The Criminal Bar Association has said it will ballot members on action if the lord chancellor does not commit by this week to increase funding substantially. It clarified that it is not proposing strike action, but withdrawing labour on cases ‘returned to us’ when counsel is no longer available due to work commitments. OK.

The Chair of the Criminal Bar Association said last week: ‘The history of collective action by the Criminal Bar proves that it is only the prospect of independent barristers withholding their labour that has focussed the minds of decision makers and brought them to the negotiating table.’

It may be useful to revisit lawyer strikes. Our near neighbours, lawyers in France, have struck twice over the last couple of years, and for different reasons.

The first long strike in 2019-2020 was over reform to pensions. French lawyers had an advantage in that struggle in that they were not alone – many sectors struck at the same time. That is because France has a sectoral pension system, with lawyers having their own national pension system. But so do ballet dancers and rail workers, in a maze of 42 different plans for different professions and categories of workers, with a variety of rules, minimum retirement ages and methods of calculating a pay-out.

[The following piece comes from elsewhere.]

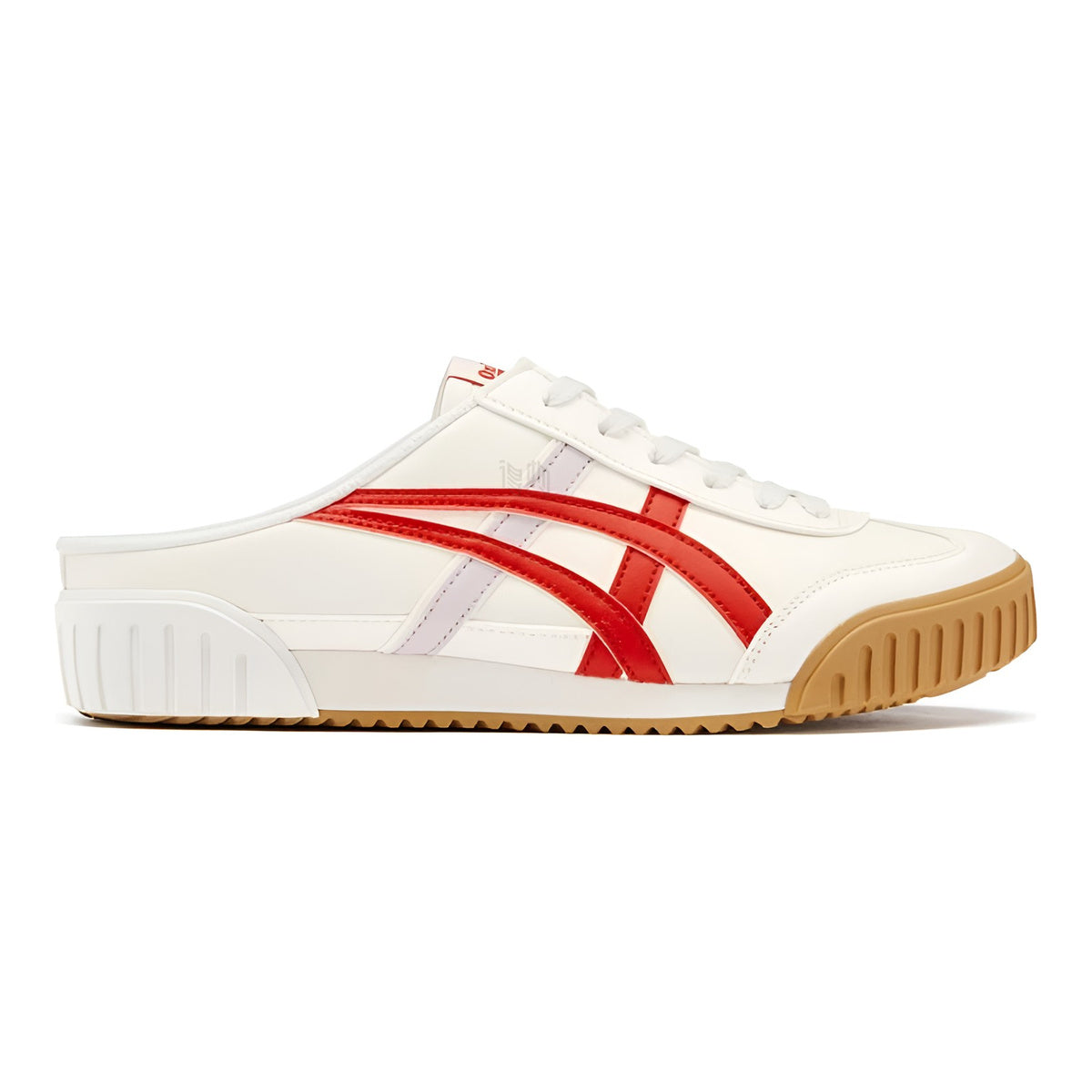 Onitsuka Tiger Machuation Sabot Unisex Sneakers – White/Red/Gum – product image 2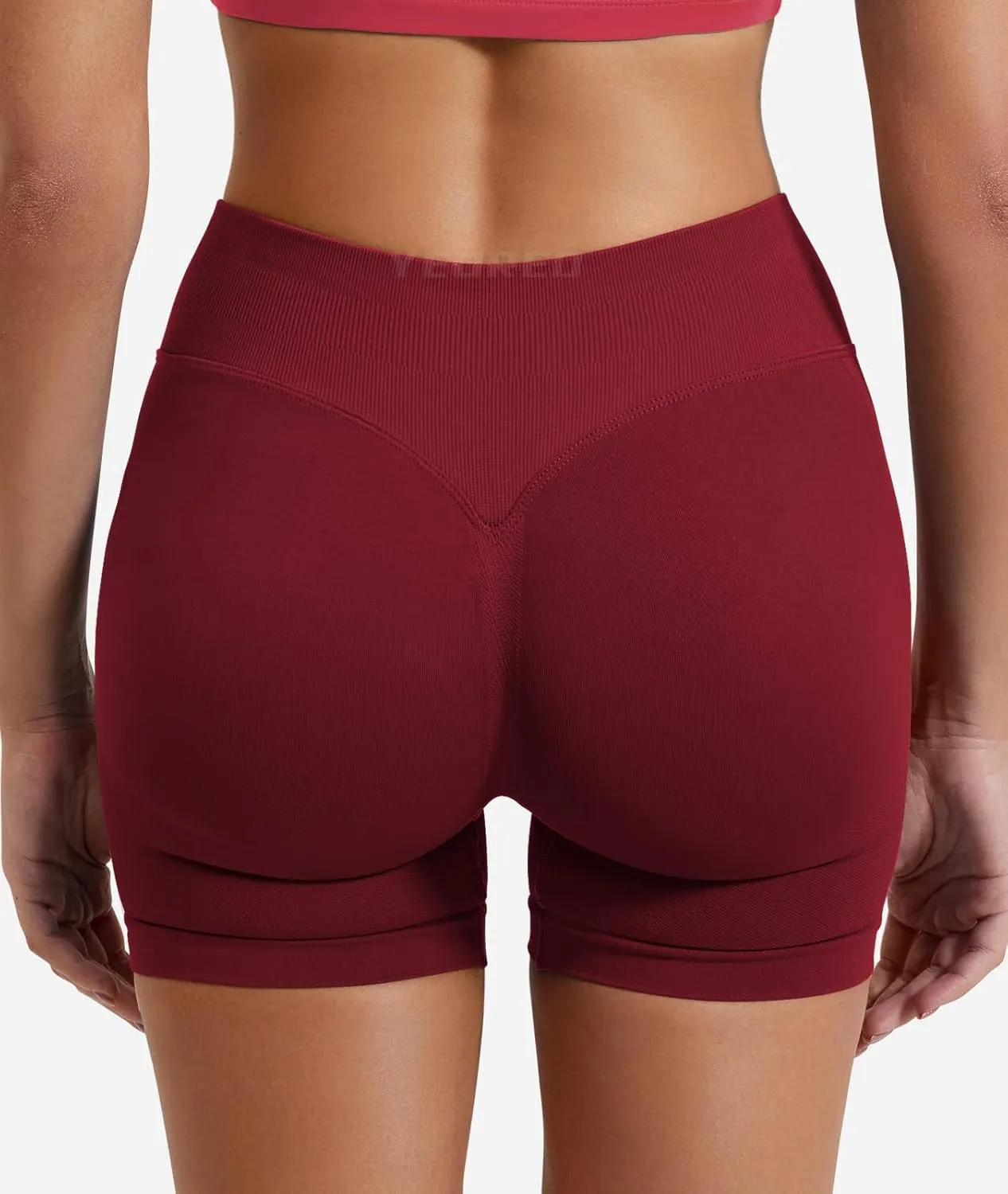 YEOREO SoftHue Women Workout Gym Impact Shorts Hidden Scrunch Butt Lifting 3.6"/4.5"/6" Seamless Shorts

It being France, black robes were draped on the staircase leading to Lyon’s main courthouse, while elsewhere heavy legal books were arranged on the floor to spell ‘SOS’.

But lawyers also withdrew their labour in the understood manner, leading to moral consequences with which all lawyers will be familiar: a prisoner waiting longer to plead for release; a vulnerable worker having to wait further years for compensation from an industrial tribunal; a woman in urgent need of a restraining order from an abusive spouse; an immigrant at the airport having to plead alone and without a lawyer for entry to France. 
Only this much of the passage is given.